Search code examples
pythonplotcurve-fittinggaussianleast-squares

Is this the correct way of fitting data generated from gaussian distributions in python?


I am trying to write a Python program to generate data that uses the sum of a random variable (which has a Gaussian distribution) and a 4th-degree polynomial equation (3x^4+x^3+3x^2+4x+5). Using least squares polynomial fit, curve the generated data using a model until your model can accurately predict all values. I am new to python and really trying to catch up with my fast-paced class. Any help and further explanation would be appreciated. I tried it without the for loop and it gave two curves but I thought it should match the initial points. Please see the code below:

import random
import matplotlib.pyplot as plt
import numpy as np

def rSquared(obs, predicted):
    error = ((predicted - obs)**2).sum()
    mean = error/len(obs)
    return 1 - (mean/np.var(obs))

def generateData(a, b, c, d, e, xvals):
    for x in xvals:
        calcVal= a*x**4 + b*x**3 + c*x**2 + d*x + e
        yvals.append(calcVal+ random.gauss(0, 35))
xvals = np.arange(-10, 11, 1)
yvals= []
a, b, c, d, e = 3, 1, 3, 4, 5
generateData(a, b, c, d, e, xvals)
for i in range (5):
    model= np.polyfit(xvals, yvals, i)
    estYvals = np.polyval(model, xvals) 
print('R-Squared:', rSquared(yvals, estYvals))
plt.plot(xvals, yvals, 'r', label = 'Actual values') 

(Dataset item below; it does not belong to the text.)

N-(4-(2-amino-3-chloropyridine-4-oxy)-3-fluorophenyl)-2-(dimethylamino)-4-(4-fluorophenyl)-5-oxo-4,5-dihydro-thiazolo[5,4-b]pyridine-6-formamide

plt.plot(xvals, estYvals, 'bo', label = 'Predicted values')
plt.xlabel('Variable x values')
plt.ylabel('Calculated Value of Polynomial')
plt.legend()
plt.show()

the result of this program run is in this image myplot1 without the for loop, this is what i get myPlot2


Solution

  • Yes, you just have to try with

    model = np.polyfit(xvals, yvals, i) # i=4 to get the perfect fit to values with R-Square of 4 : 0.9999995005089268.